Backed by YC = Not open source. Eventually pressure to exit and hyper scale will take over.

ayanb94401y ago

There are quite a few open source YC startups at this point. Our understanding is that:

1. Developer tooling should be open source by default 2. Open source doesn't meaningfully affect revenue/scaling because developers that would use your self-hosted version would build in-house anyway.

ilrwbwrkhv1y ago

I know there are quite a few open source by default companies. But the ethos of open source is sharing / building something by the community and getting paid in a way which does not scale the way VC funding expectations work.

So to have some respect for the open source way on top of which you are building all this please stop advertising it as "open source infrastructure" in bold and sell it like a normal software product with "source available" on the footer.

If you do plan to go open source and actually follow its ethos, remove the funded by VC label and have self hosting front and center in the docs with the hosted bit somewhere in the footer.

1 more reply

yard20101y ago

I'm curious, can't do both?

Oras1y ago· 2 in thread

Don't take this as a negative thing, but I'm confused. Is it a playwright? Is it a residential proxy? It's not clear from your video.

jasonwcfanOP1y ago

Proxies are definitely on our roadmap, but for now it just supports stock Playwright.

Thanks for the feedback! I just updated the repo to make it more clear that it's Playwright based. Once my cofounder wakes up I'll see if he can re-record the video as well.

ghxst1y ago

What kind of proxies are on your road map, do you have any experience with in-house proxy networks?

whatnotests21y ago· 2 in thread

With agents like Finic, soon the web will be built for agents, rather than humans.

I can see a few years from now almost all web traffic is agents.

jasonwcfanOP1y ago

Yep. I used to be the guy responsible for bot detection at Robinhood so I can tell you firsthand it's impossible to reliably differentiate between humans and machines over a network. So either you accept being automated, or you overcorrect and block legitimate users.

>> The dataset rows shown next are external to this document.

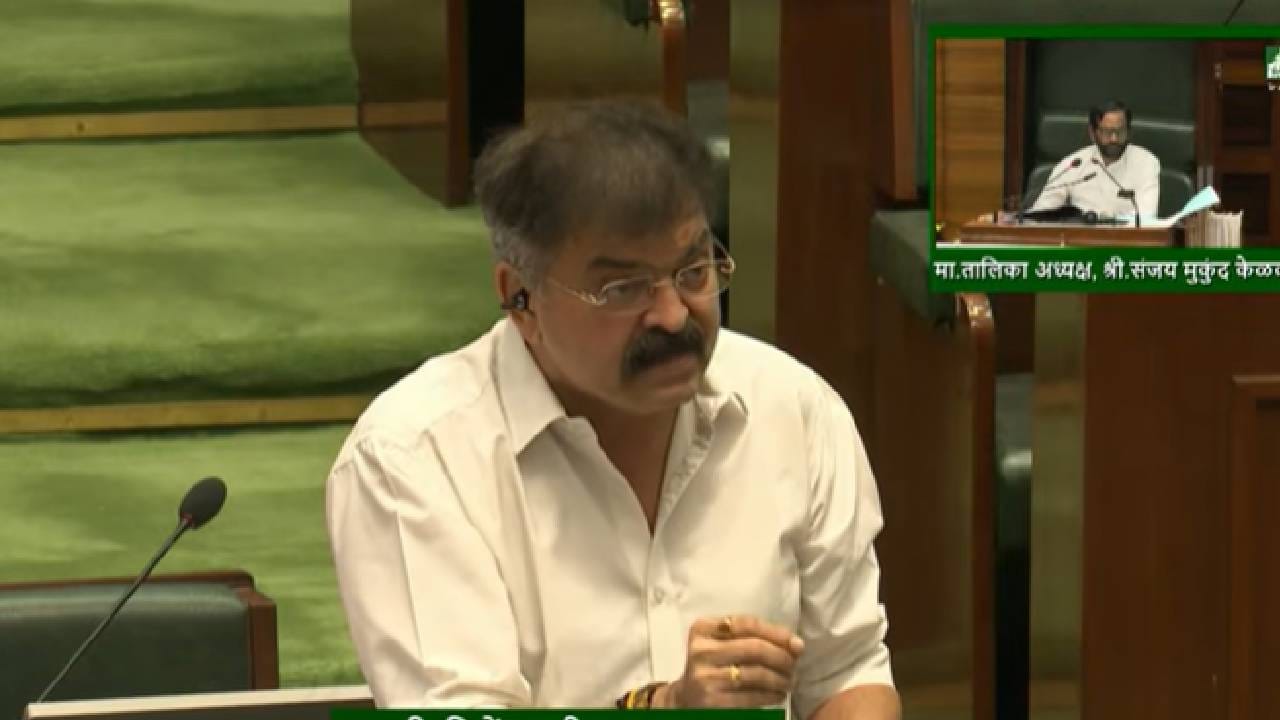 हे धर्मस्वातंत्र्य नव्हे तर...मी स्वाभिमानी हिंदू पण...धर्मांतरविरोधी विधेयकावर बोलताना आव्हाडांनी सरकारला घेरलं! हे धर्मस्वातंत्र्य नव्हे तर...मी स्वाभिमानी हिंदू पण...धर्मांतरविरोधी विधेयकावर बोलताना आव्हाडांनी सरकारला घेरलं!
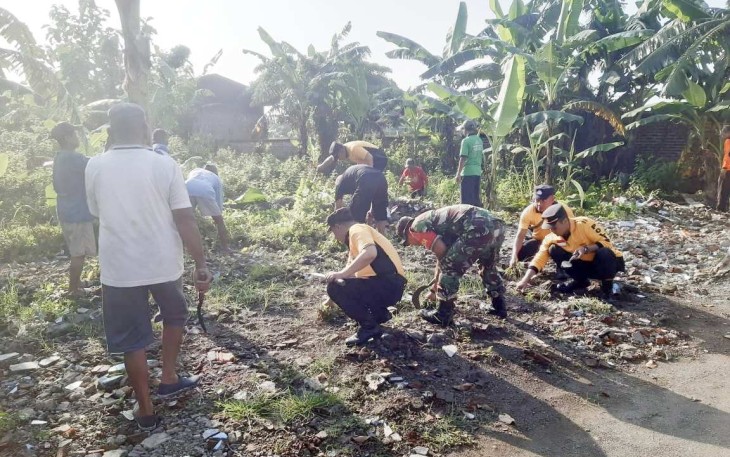 Bersihkan lingkungan bersama warga binaan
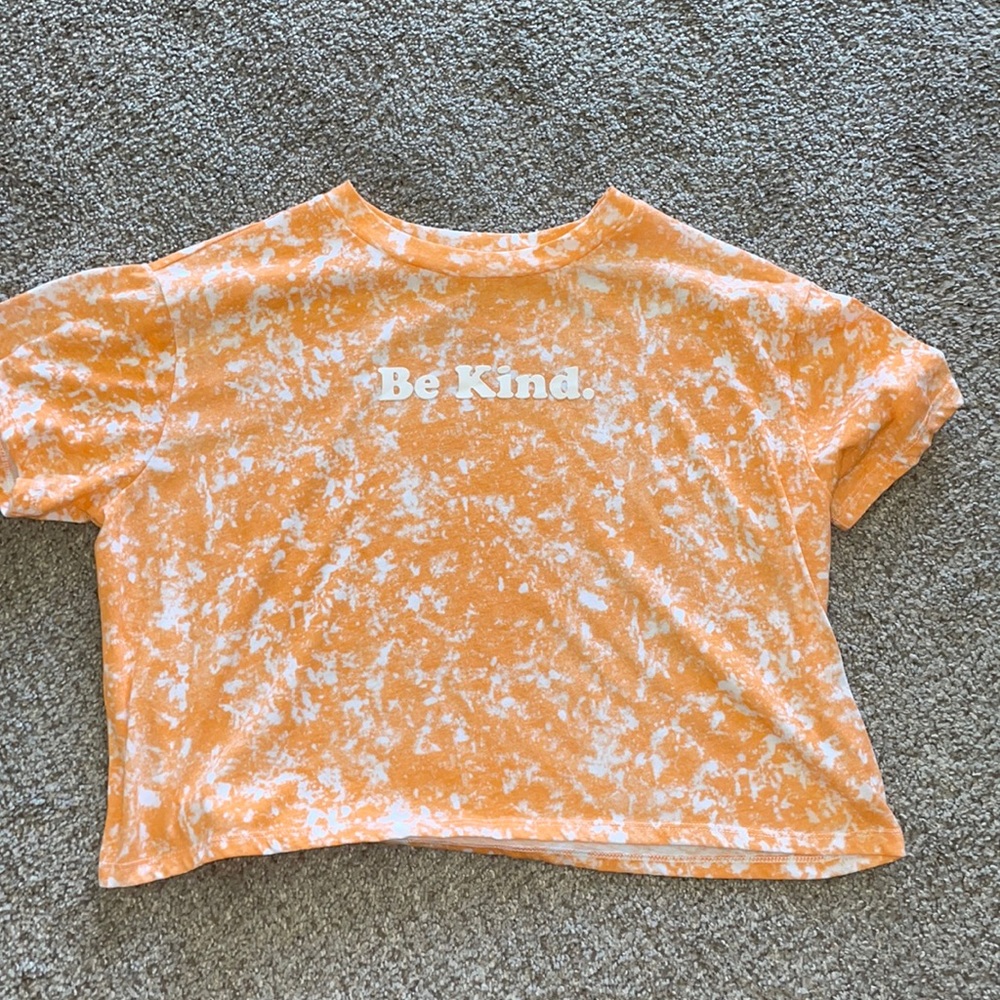 be kind crop T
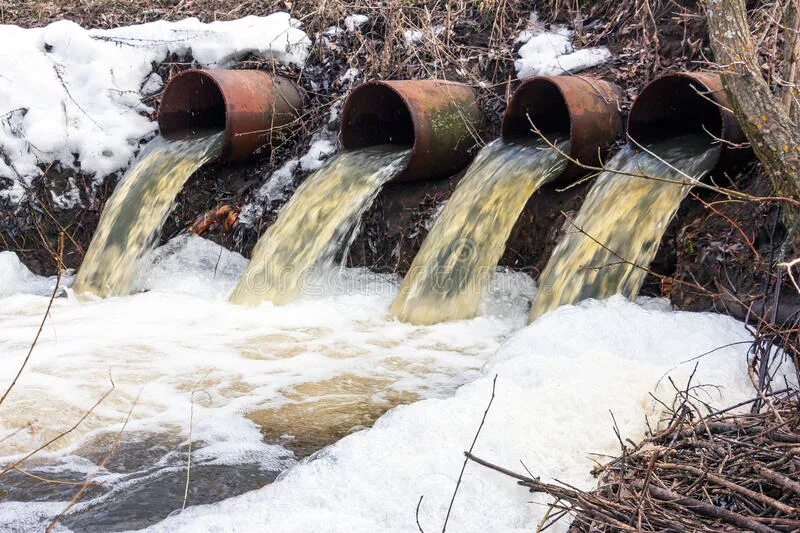 Большая труба с водой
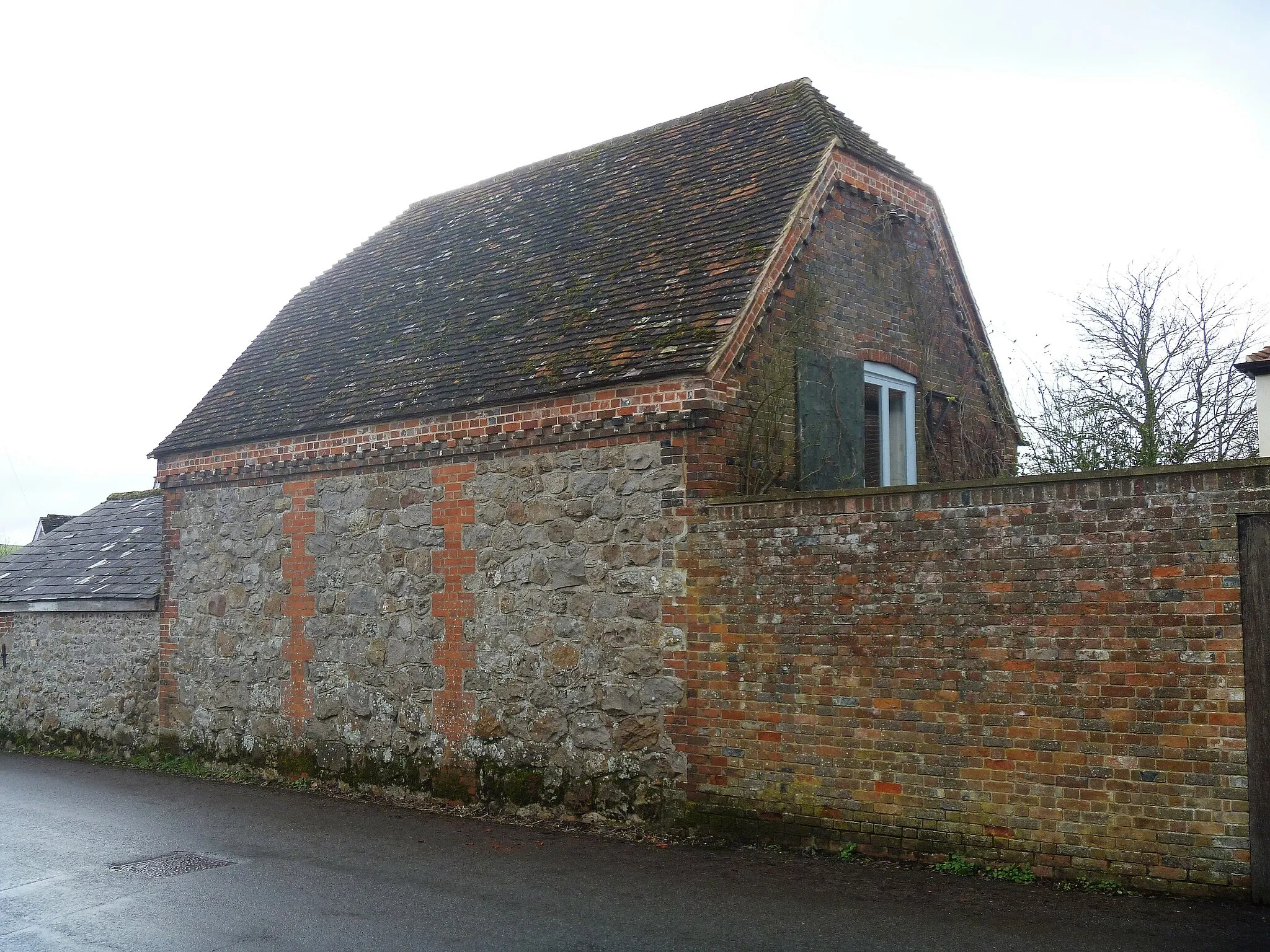 Photo showing: Ogbourne St George buildings [1]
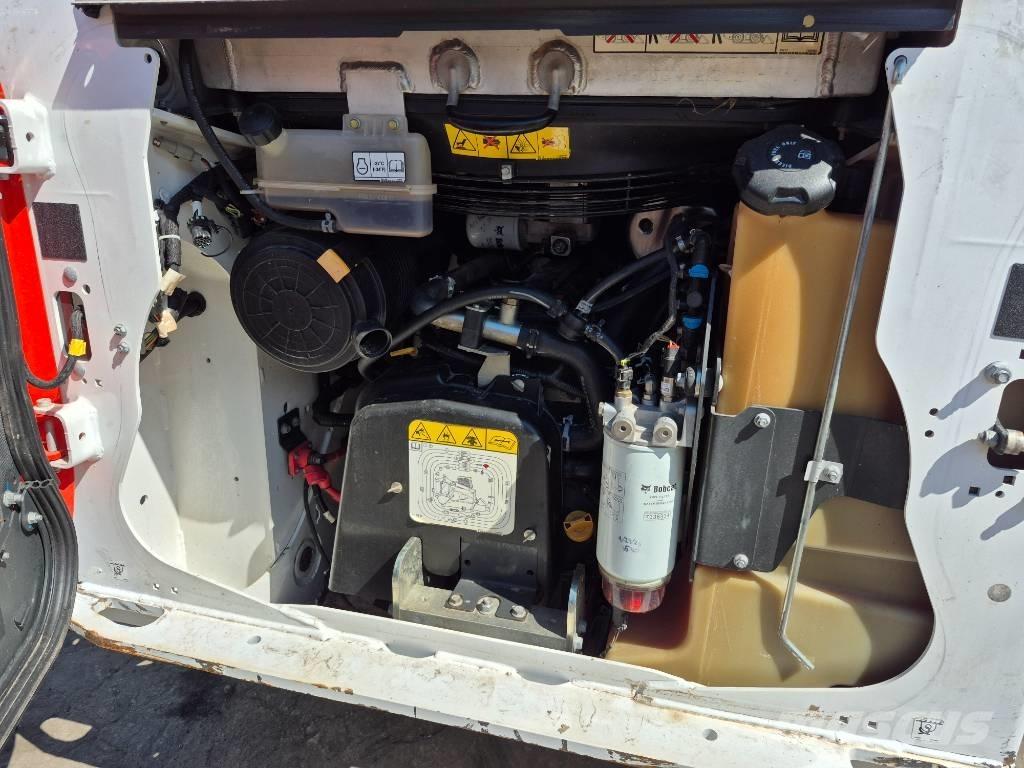 Bobcat S 76 Міні-навантажувачі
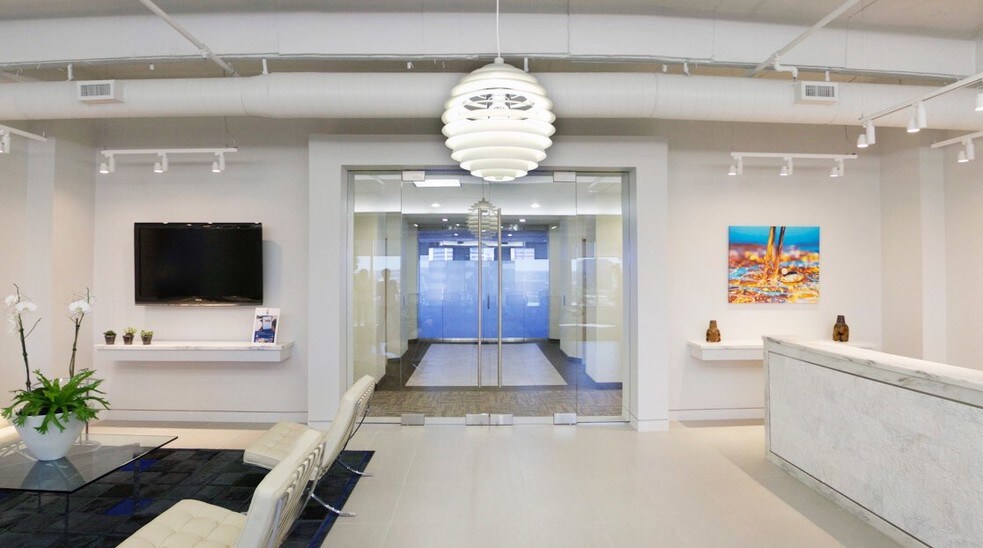 More Photos Of 3710 Rawlins St, Dallas Coworking Space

I don't think the dead internet theory is true today, but I think it will be true soon. IMO that's actually a good thing, more agents representing us online = more time spent in the real world.

candiddevmike1y ago

That is some bizarre mental gymnastics to justify the work you've done. What about the rest of us who don't want agents representing us?

2 more replies

j0r0b01y ago· 2 in thread

Thank you for sharing!

Your sign up flow might be broken. I tried creating an account (with my own email), received the confirmation email, but couldn't get my account to be verified. I get "Email not confirmed" when I try to log in.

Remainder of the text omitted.